Then you'd have to insert nans again where there should be
land. I implicitly assume that you're not perticularly
interested in areas near land.

HTH,
Bjeorn

Please try the bellow.

Bruno

%
% Generate data
%
[img]=peaks(20);
figure(1); clf;
imagesc(img);
[ny nx]=size(img);
[X Y]=meshgrid(1:nx,1:ny);
disp('Please enter a land (polygon), <CR> when finish');
[xpoly ypoly]=ginput;
img(inpolygon(X,Y,xpoly,ypoly))=NaN;
imagesc(img);

%%%%%%%%%%%%%%%%%%%%%%%%%%%%%%%%%%%%

% Expand image by 1 pixel
expand=[nan(1,nx+2); ...
        nan(ny,1) img nan(ny,1); ...
        nan(1,nx+2)];
mask=double(~isnan(expand));
expand(isnan(expand))=0; % do not at the NaN

imgconv=expand(1:end-2,2:end-1)+expand(3:end,2:end-1)+...
        expand(2:end-1,1:end-2)+expand(2:end-1,3:end);

maskconv=mask(1:end-2,2:end-1)+mask(3:end,2:end-1)+...
    mask(2:end-1,1:end-2)+mask(2:end-1,3:end);

% closure nan in the original image by 4 neighboring
imgclosure=imgconv./maskconv;

% Generate finer grid
rg=4; % resolution gain
[xi yi]=meshgrid(linspace(1,nx,nx*rg),linspace(1,nx,ny*rg));
% Interpolation
imginterp=interp2(1:nx,1:ny,imgclosure,xi,yi);

%
% Restore the land as it is
%
[inan jnan]=find(isnan(img));
[inan k]=ndgrid(rg*(inan-1),repmat(1:rg,1,rg));
inan=inan+k;
inan=inan(:);
[jnan k]=ndgrid(rg*(jnan-1),repmat(1:rg,rg,1));
jnan=jnan+k;
jnan=jnan(:);
imginterp(sub2ind(size(imginterp),inan,jnan))=NaN;

figure(2); clf;
imagesc(imginterp);
                         

Opps!
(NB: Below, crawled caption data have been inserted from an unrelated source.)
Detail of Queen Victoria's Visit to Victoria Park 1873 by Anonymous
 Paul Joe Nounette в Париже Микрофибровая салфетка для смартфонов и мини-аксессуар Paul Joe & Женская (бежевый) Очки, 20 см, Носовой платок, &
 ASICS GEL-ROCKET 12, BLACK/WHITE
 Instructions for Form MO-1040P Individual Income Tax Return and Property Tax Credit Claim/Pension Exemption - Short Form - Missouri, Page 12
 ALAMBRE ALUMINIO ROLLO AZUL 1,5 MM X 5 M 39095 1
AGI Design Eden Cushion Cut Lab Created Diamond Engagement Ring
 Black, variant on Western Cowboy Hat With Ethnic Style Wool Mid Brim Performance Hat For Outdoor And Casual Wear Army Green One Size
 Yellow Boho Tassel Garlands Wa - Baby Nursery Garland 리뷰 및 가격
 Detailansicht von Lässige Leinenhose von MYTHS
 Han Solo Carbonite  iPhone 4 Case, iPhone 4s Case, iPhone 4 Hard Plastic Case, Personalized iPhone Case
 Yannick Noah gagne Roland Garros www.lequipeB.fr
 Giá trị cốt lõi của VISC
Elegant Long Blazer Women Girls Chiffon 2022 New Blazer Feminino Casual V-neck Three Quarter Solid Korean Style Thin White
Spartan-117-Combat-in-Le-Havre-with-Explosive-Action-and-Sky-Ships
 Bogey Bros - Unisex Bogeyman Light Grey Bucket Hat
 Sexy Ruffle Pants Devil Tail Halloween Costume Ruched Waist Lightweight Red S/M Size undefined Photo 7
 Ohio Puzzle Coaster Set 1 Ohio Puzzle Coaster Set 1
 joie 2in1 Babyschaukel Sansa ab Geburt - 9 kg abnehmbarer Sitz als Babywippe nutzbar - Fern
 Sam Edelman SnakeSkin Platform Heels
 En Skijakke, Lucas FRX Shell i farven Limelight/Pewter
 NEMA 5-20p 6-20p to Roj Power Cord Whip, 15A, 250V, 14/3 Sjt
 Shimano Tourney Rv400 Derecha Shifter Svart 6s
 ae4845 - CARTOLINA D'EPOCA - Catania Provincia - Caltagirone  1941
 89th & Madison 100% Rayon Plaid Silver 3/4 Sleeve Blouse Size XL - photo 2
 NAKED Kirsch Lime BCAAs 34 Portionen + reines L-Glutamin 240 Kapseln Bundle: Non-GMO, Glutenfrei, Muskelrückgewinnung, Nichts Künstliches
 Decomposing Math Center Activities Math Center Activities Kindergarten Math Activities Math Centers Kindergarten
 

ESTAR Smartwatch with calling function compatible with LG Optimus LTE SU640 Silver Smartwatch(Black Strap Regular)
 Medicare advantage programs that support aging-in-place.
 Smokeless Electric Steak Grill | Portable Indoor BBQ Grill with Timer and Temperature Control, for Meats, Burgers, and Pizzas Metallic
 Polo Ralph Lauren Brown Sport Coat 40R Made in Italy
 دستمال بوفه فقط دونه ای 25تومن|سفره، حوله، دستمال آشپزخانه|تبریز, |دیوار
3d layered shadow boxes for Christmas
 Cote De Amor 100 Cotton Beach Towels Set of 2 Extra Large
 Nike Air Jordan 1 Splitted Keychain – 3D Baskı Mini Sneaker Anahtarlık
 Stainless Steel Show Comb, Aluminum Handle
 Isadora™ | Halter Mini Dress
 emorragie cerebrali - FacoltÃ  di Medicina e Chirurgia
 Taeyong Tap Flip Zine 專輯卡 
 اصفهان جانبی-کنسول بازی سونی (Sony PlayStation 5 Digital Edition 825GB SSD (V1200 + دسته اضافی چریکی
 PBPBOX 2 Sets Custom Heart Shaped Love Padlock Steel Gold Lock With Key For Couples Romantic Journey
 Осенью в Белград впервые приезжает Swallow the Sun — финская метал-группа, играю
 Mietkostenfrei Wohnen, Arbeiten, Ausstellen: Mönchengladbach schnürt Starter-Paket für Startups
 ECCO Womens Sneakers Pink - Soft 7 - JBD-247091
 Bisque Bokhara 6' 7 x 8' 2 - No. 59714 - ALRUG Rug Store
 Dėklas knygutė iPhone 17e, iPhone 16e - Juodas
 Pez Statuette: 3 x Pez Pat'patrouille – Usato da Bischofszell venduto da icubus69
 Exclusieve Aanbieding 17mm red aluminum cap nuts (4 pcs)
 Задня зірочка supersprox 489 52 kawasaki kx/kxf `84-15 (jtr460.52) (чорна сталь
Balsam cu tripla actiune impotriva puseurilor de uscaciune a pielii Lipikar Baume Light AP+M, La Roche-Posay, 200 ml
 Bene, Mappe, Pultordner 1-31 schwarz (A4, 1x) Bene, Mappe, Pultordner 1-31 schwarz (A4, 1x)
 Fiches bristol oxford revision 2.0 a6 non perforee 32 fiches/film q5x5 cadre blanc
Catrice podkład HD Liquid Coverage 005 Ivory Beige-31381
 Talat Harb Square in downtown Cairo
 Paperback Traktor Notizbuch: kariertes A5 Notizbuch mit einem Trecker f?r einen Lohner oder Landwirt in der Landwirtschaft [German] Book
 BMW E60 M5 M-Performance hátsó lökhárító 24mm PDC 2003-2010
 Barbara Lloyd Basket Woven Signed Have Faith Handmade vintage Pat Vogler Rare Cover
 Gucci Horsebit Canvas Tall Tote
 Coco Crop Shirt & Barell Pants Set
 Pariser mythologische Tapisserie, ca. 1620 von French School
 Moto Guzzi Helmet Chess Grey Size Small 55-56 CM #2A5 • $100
Sorry I find a bug (forget to restore unconvoluted
data before interpolation). This should be better.

Bruno


%
% Generate data
%
[img]=peaks(20);
figure(1); clf;
imagesc(img);
[ny nx]=size(img);
[X Y]=meshgrid(1:nx,1:ny);
disp('Please enter a land (polygon), <CR> when finish');
[xpoly ypoly]=ginput;
img(inpolygon(X,Y,xpoly,ypoly))=NaN;
imagesc(img);
[inan jnan]=find(isnan(img));

%%%%%%%%%%%%%%%%%%%%%%%%%%%%%%%%%%%%

% Expand image by 1 pixel
expand=[nan(1,nx+2); ...
        nan(ny,1) img nan(ny,1); ...
        nan(1,nx+2)];
mask=double(~isnan(expand));
expand(isnan(expand))=0; % do not at the NaN

% neighbouring indices
i0=sub2ind(size(expand),inan+1,jnan+1);
i1=i0+1;
i2=i0-1;
i3=i0+size(expand,1);
i4=i0-size(expand,1);

imgconv=expand(i1)+expand(i2)+expand(i3)+expand(i4);
maskconv=mask(i1)+mask(i2)+mask(i3)+mask(i4);

% closure nan in the original image by 4 neighboring
imgclosure=imgconv./maskconv;
img(sub2ind(size(img),inan,jnan))=imgclosure;

% Generate finer grid
rg=8; % resolution gain
[xi yi]=meshgrid(linspace(1,nx,nx*rg),linspace(1,nx,ny*rg));
% Interpolation
imginterp=interp2(1:nx,1:ny,img,xi,yi,'spline');

%
% Restore the land as it is
%
[inan k]=ndgrid(rg*(inan-1),repmat(1:rg,1,rg));
inan=inan+k;
[jnan k]=ndgrid(rg*(jnan-1),repmat(1:rg,rg,1));
jnan=jnan+k;
imginterp(sub2ind(size(imginterp),inan(:),jnan(:)))=NaN;

figure(2); clf;
imagesc(imginterp);